*** Opening of GIVEN DATA ***
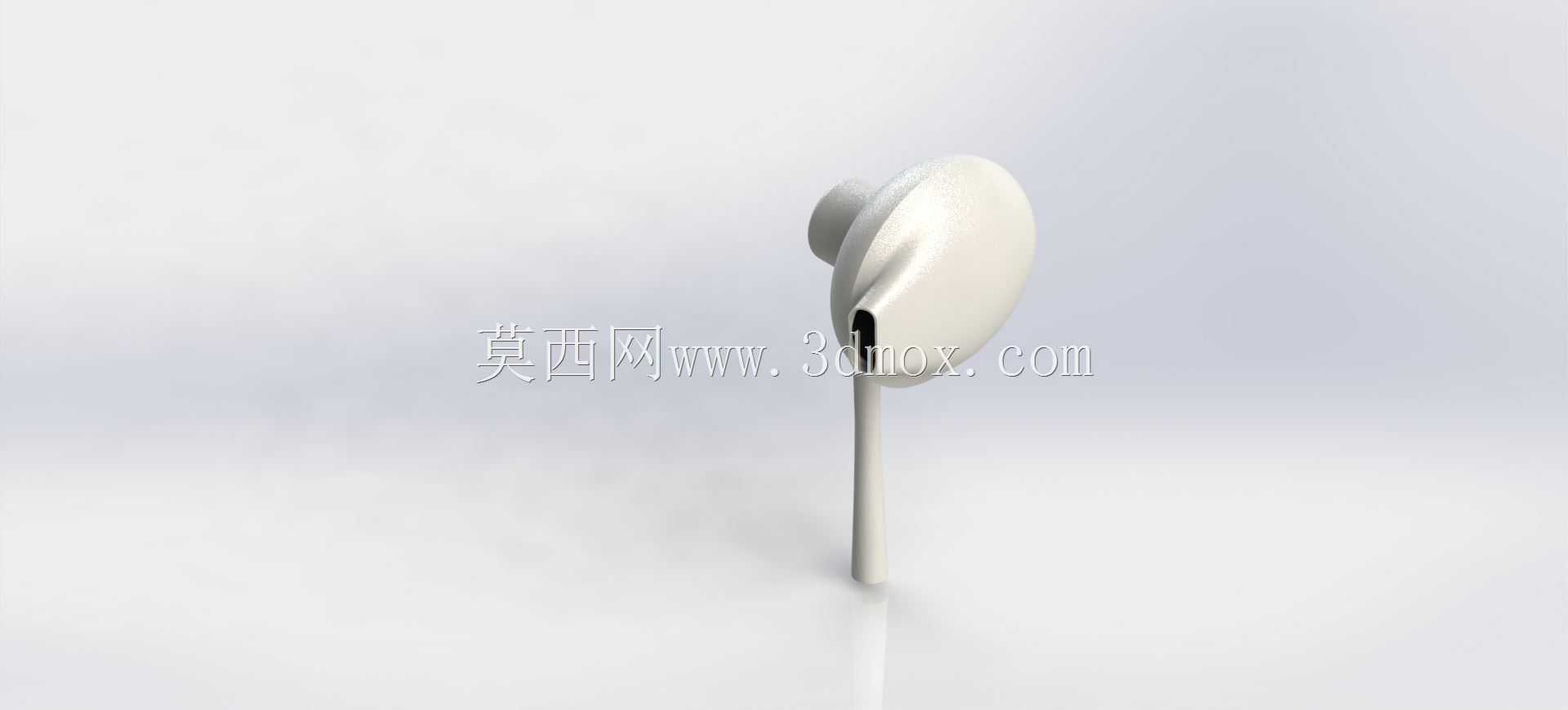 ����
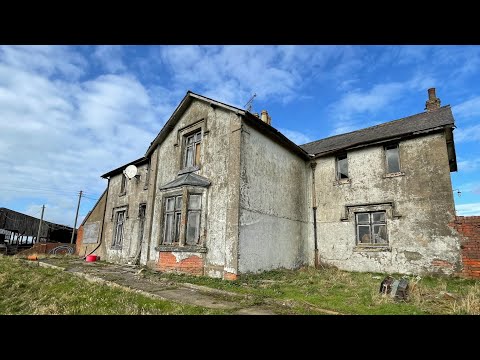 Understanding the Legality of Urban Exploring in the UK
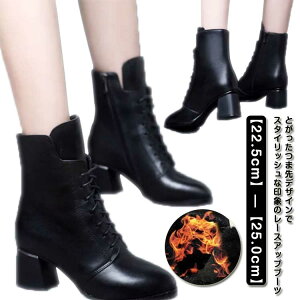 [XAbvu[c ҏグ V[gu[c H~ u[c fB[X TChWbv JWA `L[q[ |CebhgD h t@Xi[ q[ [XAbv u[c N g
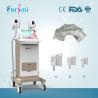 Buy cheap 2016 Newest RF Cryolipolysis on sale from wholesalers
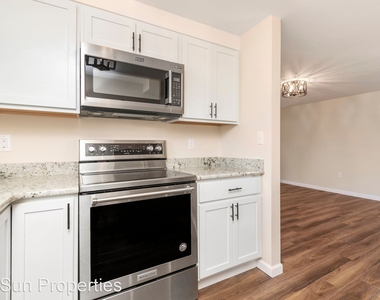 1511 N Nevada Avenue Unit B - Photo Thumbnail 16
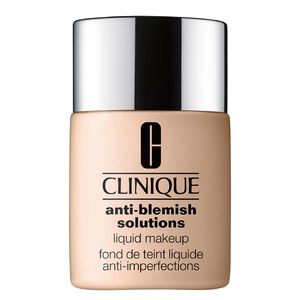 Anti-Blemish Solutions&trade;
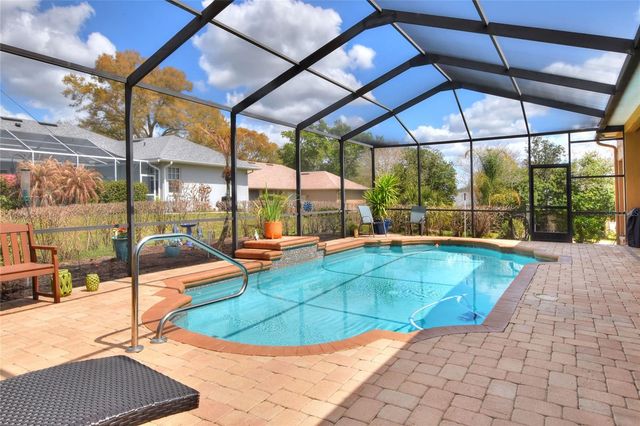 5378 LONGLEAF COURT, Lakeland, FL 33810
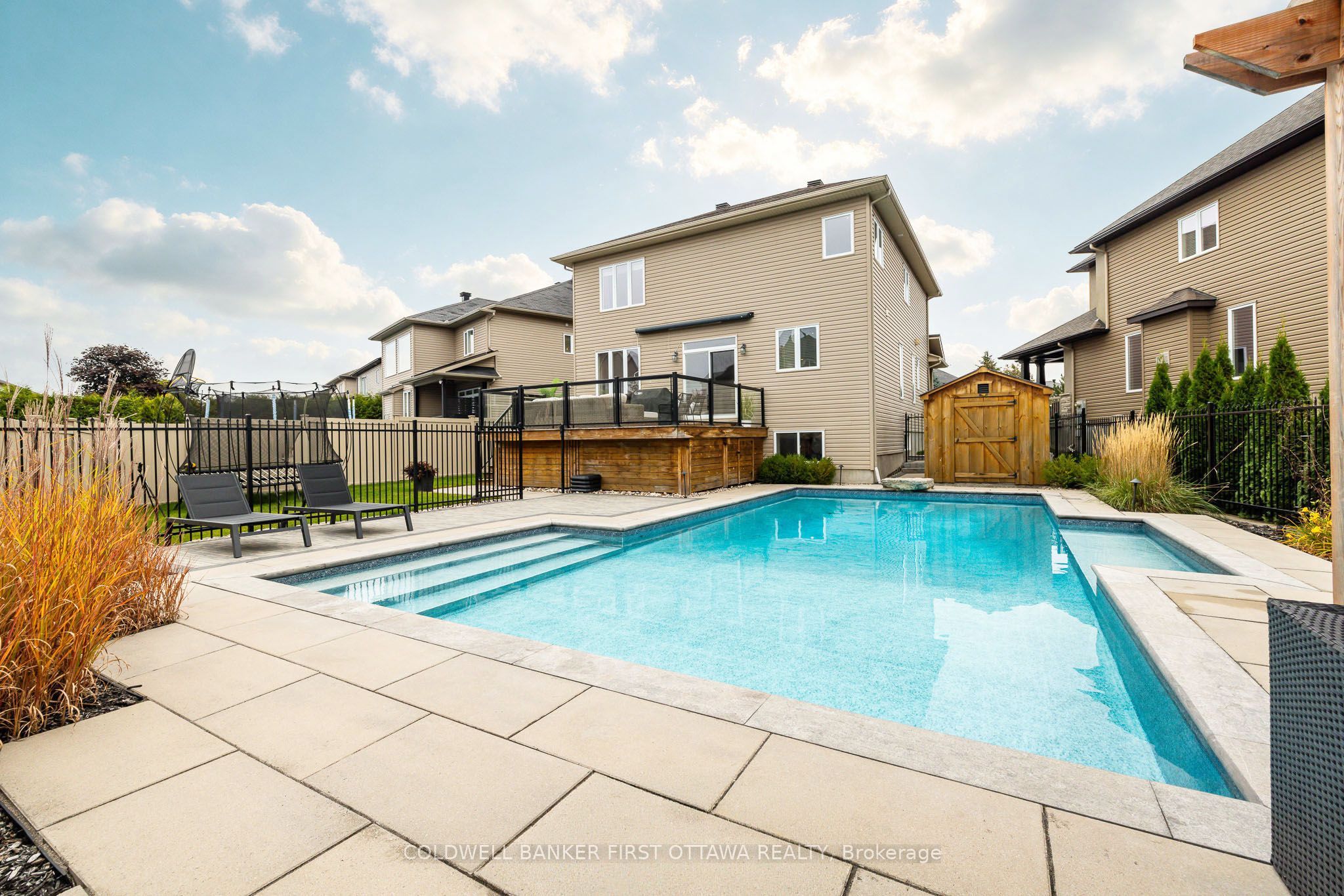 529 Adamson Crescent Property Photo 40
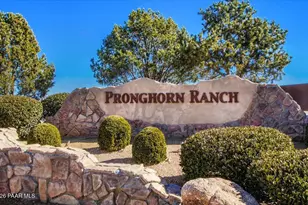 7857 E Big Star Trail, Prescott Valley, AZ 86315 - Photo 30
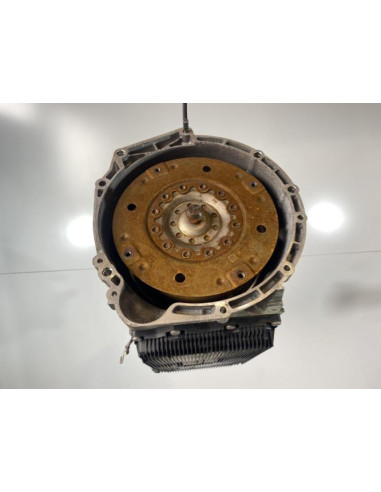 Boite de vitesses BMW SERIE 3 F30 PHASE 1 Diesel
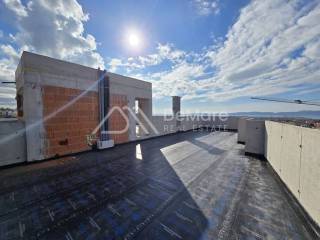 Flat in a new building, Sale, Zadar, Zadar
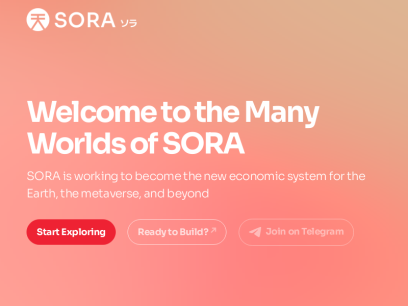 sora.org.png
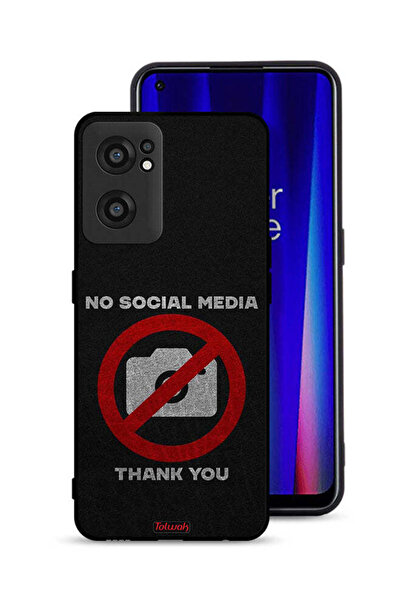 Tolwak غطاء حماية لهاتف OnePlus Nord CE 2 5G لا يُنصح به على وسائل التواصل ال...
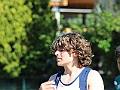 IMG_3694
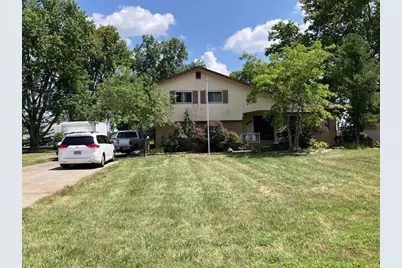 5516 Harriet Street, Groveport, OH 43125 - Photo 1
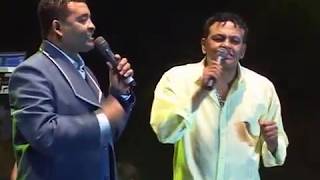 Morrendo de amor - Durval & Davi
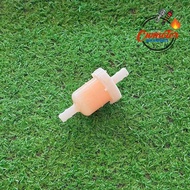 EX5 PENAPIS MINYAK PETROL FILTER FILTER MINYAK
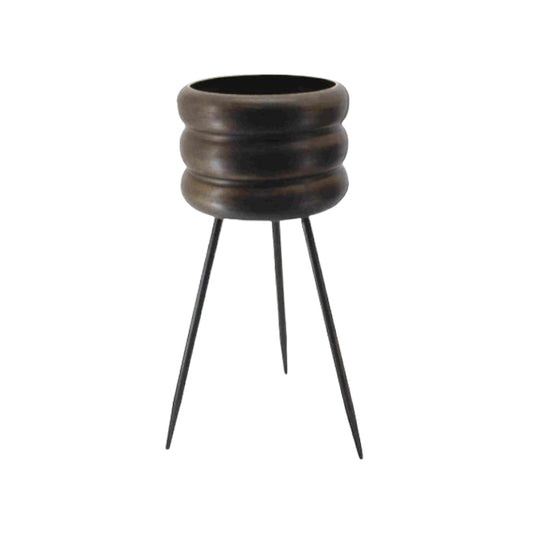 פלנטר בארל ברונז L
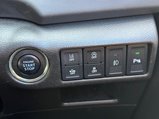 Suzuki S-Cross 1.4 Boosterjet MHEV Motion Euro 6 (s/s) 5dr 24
*** Close of GIVEN DATA ***
- **TASK DESCRIPTION**
Write the records out again verbatim and omit the pictures they contain.

- **RESULT OF THIS TASK**
 ����
 Understanding the Legality of Urban Exploring in the UK
 [XAbvu[c ҏグ V[gu[c H~ u[c fB[X TChWbv JWA `L[q[ |CebhgD h t@Xi[ q[ [XAbv u[c N g
 Buy cheap 2016 Newest RF Cryolipolysis on sale from wholesalers
 1511 N Nevada Avenue Unit B - Photo Thumbnail 16
 Anti-Blemish Solutions&trade;
 5378 LONGLEAF COURT, Lakeland, FL 33810
 529 Adamson Crescent Property Photo 40
 7857 E Big Star Trail, Prescott Valley, AZ 86315 - Photo 30
 Boite de vitesses BMW SERIE 3 F30 PHASE 1 Diesel
 Flat in a new building, Sale, Zadar, Zadar
 sora.org.png
 Tolwak غطاء حماية لهاتف OnePlus Nord CE 2 5G لا يُنصح به على وسائل التواصل ال...
 IMG_3694
 5516 Harriet Street, Groveport, OH 43125 - Photo 1
 Morrendo de amor - Durval & Davi
 EX5 PENAPIS MINYAK PETROL FILTER FILTER MINYAK
 פלנטר בארל ברונז L
 Suzuki S-Cross 1.4 Boosterjet MHEV Motion Euro 6 (s/s) 5dr 24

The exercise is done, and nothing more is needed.